L’eau est aussi celle qui lave et purifie et l’eau sur laquelle nous méditons, celle de la conversion. La vie de Thérèse d’Avila est une aventure de conversion, de découverte existentielle de la miséricorde du Seigneur et d’un ajustement toujours plus profond à la volonté de Dieu. Thérèse est pour cela marquée par un sens aigu du primat de l’action de Dieu dans notre vie sans pour autant négliger la nôtre. La vie chrétienne se joue dans une synergie subtile que Thérèse résume ainsi : « faire le peu qui dépend de nous. »

Pour cela, elle n’aura de cesse de chanter la miséricorde à l’œuvre dans sa vie dont les limites ne sont que celles qu’y met notre manque de confiance.
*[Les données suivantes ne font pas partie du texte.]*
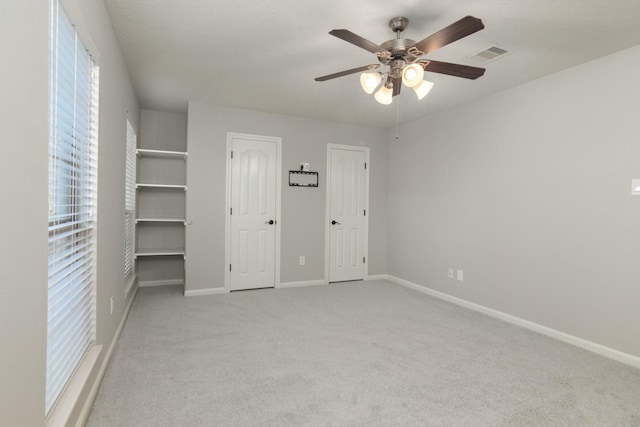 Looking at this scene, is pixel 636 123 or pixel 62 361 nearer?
pixel 62 361

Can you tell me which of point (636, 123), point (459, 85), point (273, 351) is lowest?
point (273, 351)

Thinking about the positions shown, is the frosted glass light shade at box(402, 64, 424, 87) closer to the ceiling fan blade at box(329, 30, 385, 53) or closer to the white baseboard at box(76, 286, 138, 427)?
the ceiling fan blade at box(329, 30, 385, 53)

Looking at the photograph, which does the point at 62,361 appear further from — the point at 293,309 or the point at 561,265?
the point at 561,265

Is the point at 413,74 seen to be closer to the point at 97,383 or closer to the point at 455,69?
the point at 455,69

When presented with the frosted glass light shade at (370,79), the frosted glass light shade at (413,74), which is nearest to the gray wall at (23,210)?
the frosted glass light shade at (370,79)

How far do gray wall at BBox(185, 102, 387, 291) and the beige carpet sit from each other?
3.29ft

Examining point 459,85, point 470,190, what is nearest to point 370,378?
point 470,190

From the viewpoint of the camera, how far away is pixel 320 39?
2693 mm

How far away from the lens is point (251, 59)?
309cm

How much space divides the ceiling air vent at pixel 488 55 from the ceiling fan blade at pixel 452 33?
0.97 m

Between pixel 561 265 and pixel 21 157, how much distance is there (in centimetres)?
386

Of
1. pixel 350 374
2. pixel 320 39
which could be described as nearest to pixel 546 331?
pixel 350 374

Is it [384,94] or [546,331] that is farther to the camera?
[546,331]

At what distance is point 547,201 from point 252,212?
3459 millimetres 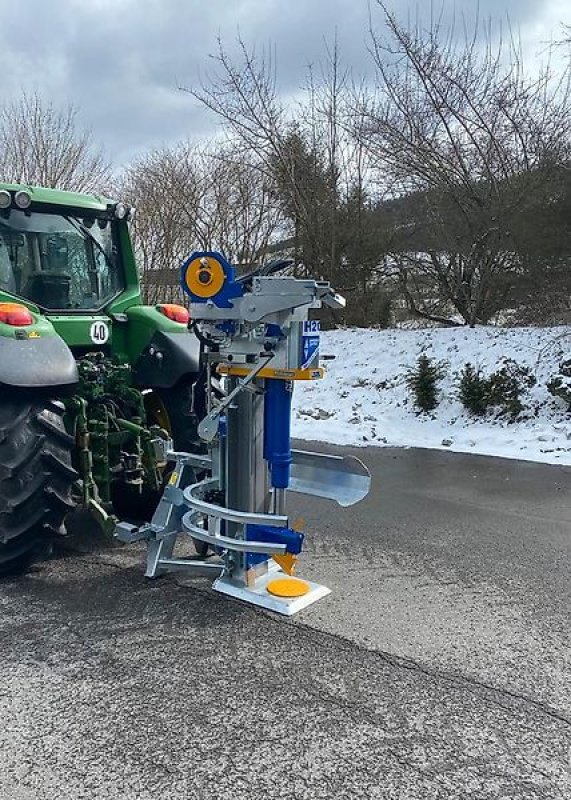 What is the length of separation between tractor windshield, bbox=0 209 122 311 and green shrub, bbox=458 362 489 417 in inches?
195

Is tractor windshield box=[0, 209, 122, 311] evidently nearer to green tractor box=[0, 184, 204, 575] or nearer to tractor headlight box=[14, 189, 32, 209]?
green tractor box=[0, 184, 204, 575]

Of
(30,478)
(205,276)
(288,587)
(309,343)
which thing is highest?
(205,276)

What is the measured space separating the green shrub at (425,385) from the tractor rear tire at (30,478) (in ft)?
19.4

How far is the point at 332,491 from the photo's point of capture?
387 cm

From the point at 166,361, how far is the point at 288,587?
188 cm

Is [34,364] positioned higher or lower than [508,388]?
higher

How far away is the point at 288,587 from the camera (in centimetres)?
374

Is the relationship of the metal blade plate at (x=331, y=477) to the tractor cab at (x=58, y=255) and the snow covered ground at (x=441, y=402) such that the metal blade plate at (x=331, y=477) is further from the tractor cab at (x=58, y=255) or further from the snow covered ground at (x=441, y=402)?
the snow covered ground at (x=441, y=402)

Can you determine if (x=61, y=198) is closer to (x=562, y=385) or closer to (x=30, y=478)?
(x=30, y=478)

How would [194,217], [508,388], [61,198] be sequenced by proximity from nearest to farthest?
[61,198] → [508,388] → [194,217]

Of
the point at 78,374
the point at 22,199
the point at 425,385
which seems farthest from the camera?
the point at 425,385

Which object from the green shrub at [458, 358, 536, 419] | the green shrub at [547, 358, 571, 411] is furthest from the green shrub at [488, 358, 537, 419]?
the green shrub at [547, 358, 571, 411]

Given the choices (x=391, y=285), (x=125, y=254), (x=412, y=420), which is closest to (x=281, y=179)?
(x=391, y=285)

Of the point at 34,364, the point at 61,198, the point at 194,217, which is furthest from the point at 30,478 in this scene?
the point at 194,217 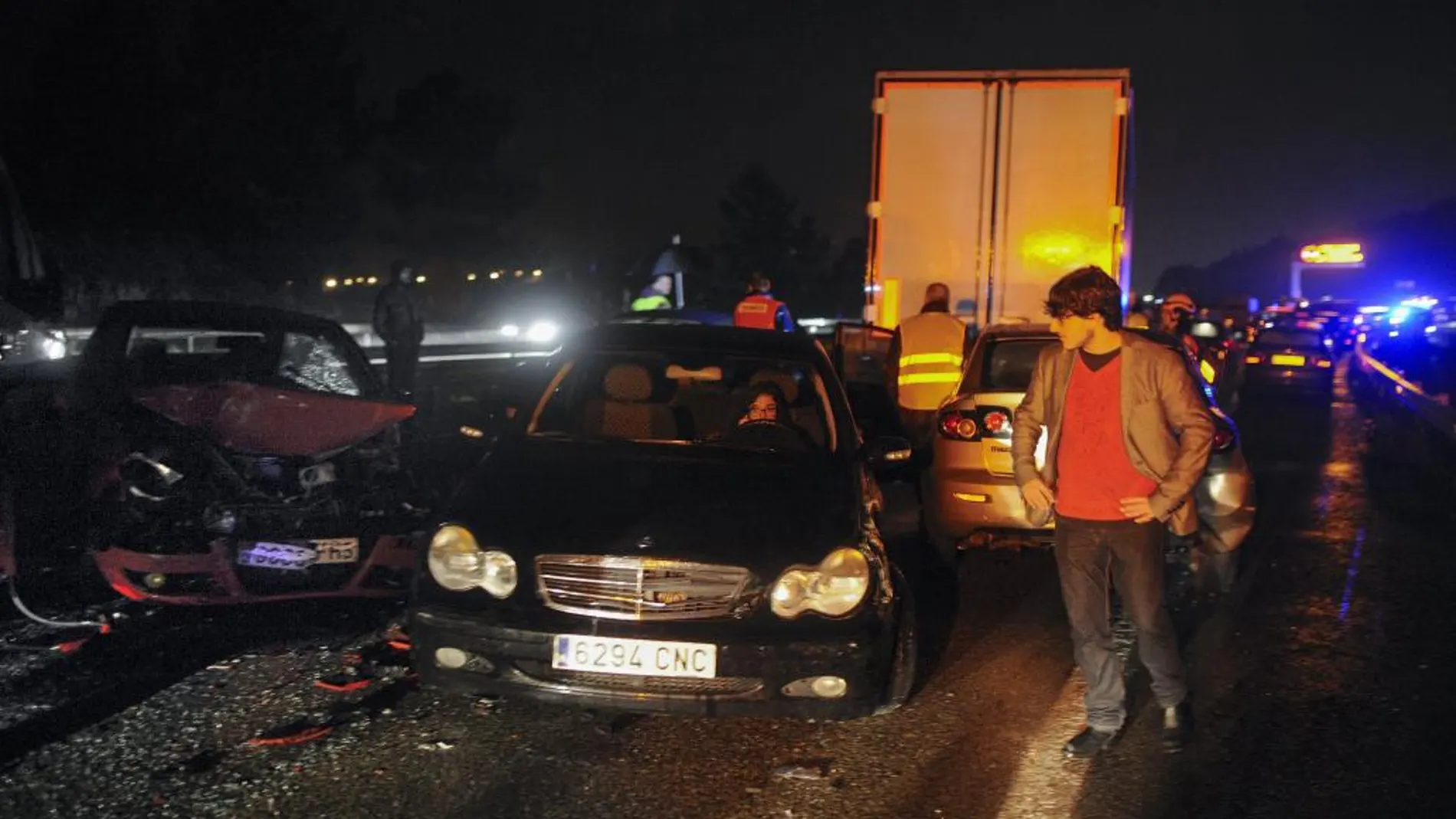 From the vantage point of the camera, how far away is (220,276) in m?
43.6

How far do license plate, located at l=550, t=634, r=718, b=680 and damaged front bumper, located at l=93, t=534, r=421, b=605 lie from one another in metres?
1.53

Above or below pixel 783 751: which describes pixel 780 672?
above

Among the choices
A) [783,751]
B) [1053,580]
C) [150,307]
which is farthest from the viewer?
[1053,580]

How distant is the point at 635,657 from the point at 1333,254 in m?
66.3

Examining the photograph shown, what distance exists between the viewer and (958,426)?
743 cm

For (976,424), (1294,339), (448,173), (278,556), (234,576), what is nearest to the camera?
(234,576)

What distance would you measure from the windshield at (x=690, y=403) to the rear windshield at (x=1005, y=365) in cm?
169

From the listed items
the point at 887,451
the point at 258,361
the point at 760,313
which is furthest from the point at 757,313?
the point at 887,451

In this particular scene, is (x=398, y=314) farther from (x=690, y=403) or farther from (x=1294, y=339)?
(x=1294, y=339)

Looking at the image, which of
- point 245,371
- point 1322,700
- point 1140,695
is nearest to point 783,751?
point 1140,695

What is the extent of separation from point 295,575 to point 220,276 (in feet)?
133

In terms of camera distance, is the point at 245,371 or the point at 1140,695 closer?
the point at 1140,695

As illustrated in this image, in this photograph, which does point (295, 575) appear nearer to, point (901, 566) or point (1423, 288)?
point (901, 566)

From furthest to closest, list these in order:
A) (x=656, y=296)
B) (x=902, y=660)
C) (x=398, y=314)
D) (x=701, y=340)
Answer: (x=398, y=314)
(x=656, y=296)
(x=701, y=340)
(x=902, y=660)
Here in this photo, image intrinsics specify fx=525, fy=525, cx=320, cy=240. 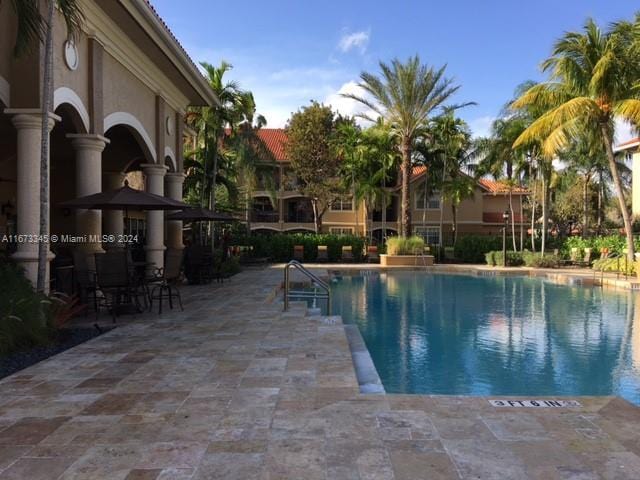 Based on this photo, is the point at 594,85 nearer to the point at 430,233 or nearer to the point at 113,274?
the point at 113,274

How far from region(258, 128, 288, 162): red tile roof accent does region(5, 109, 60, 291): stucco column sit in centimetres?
3113

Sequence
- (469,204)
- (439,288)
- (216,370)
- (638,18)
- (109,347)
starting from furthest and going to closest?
(469,204), (638,18), (439,288), (109,347), (216,370)

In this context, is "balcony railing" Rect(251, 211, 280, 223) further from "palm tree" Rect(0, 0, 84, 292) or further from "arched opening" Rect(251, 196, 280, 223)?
"palm tree" Rect(0, 0, 84, 292)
Pour cela, Thérèse insistera sur les moyens nécessaires pour laisser agir la miséricorde. « Oraison et mollesse ne vont pas bien ensemble ». Et de préciser une triade de vertus : l’amour fraternel, l’humilité et le détachement. Libre pour aimer, dire oui et rendre grâce, voilà la condition d’une vie donnée au Seigneur : tel est aussi le message de Thérèse.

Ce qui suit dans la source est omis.